Markdown

Runbook: fabric manager failure¶

Scope: nvidia-fabricmanager is inactive or aborting on an NVSwitch system (HGX/DGX 8-GPU baseboard, GB200/GB300 NVL72), so GPUs do not form their NVLink domain and collectives degrade to PCIe. Diagnose, restore the version-matched Fabric Manager, and prove NVLink before readmitting the node.

Reference templates on real APIs. Nothing here was executed on hardware; pin versions to your driver branch and validate on one node before fleet use.

This is the failure-mode counterpart to the Fabric Manager reference (what FM is, how it is versioned) and the fabric bring-up / benchmarking procedure (how to prove NVLink and collectives). The most common root cause is a driver upgrade that left FM (or libnvidia-nscq) on the old version; that ordering belongs to the driver-upgrade runbook.

Trigger¶

Open this runbook when any of these is observed on an NVSwitch node:

systemctl is-active nvidia-fabricmanager returns anything but active: the service is inactive, failed, or started then exited.
New CUDA jobs on the node fail at init with cudaErrorSystemNotReady. NVIDIA: if an application launches before FM has initialised the system, or FM fails to initialise it, CUDA initialisation fails with cudaErrorSystemNotReady.¹
nvidia-smi nvlink --status shows links inactive, or nvidia-smi topo --matrix shows GPU pairs connected over PHB/SYS (PCIe host bridge / system) instead of NV#.⁵
Collectives that assumed NVLink slow down sharply (NCCL falls back to PCIe) and nccl-tests busbw collapses to a fraction of the NVLink figure (NCCL-hang runbook covers the stall variant).

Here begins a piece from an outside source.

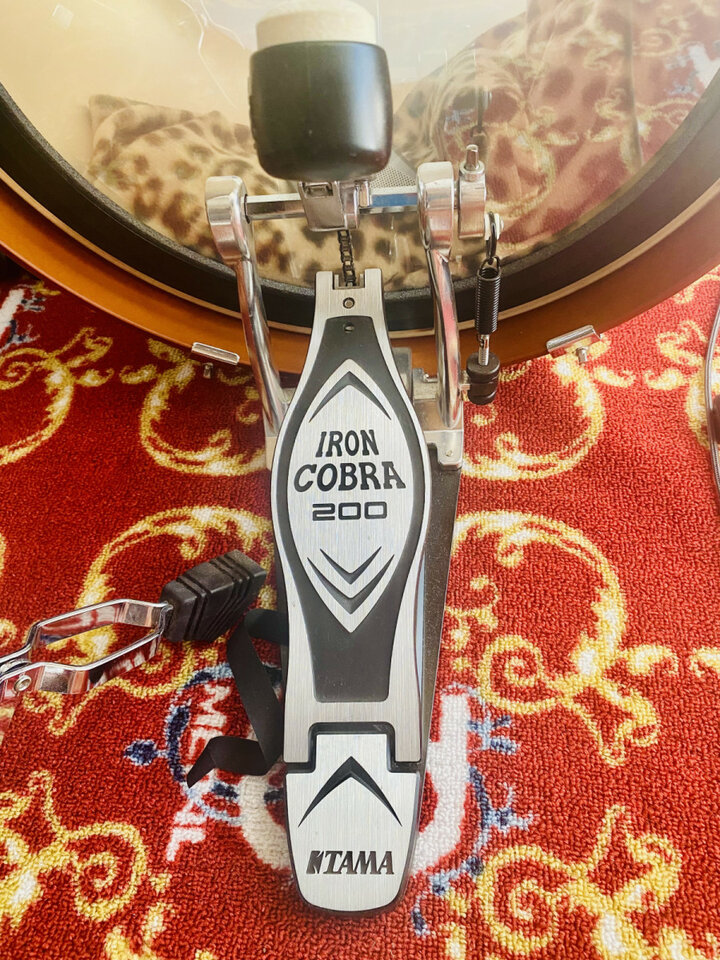 Pedal bombo Iron Cobra HP200P Single Pedal + Iron Cobra HH200 Hit Hat Stand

Quiet partial case: a single GPU fails to register. NVIDIA: "If a GPU fails to register with the fabric, it will lose its NVLink peer-to-peer capability and be available for non-peer-to-peer use cases."¹ The GPU still runs; it just has no NVLink peers. Treat reduced peer count as a fault even when nvidia-smi lists every GPU.

Pre-checks¶

Confirm the node actually has NVSwitches before touching FM. FM is only for NVSwitch hardware (HGX/DGX baseboards, NVL72); PCIe-attached datacenter cards never run it.¹ On a non-NVSwitch box this runbook does not apply.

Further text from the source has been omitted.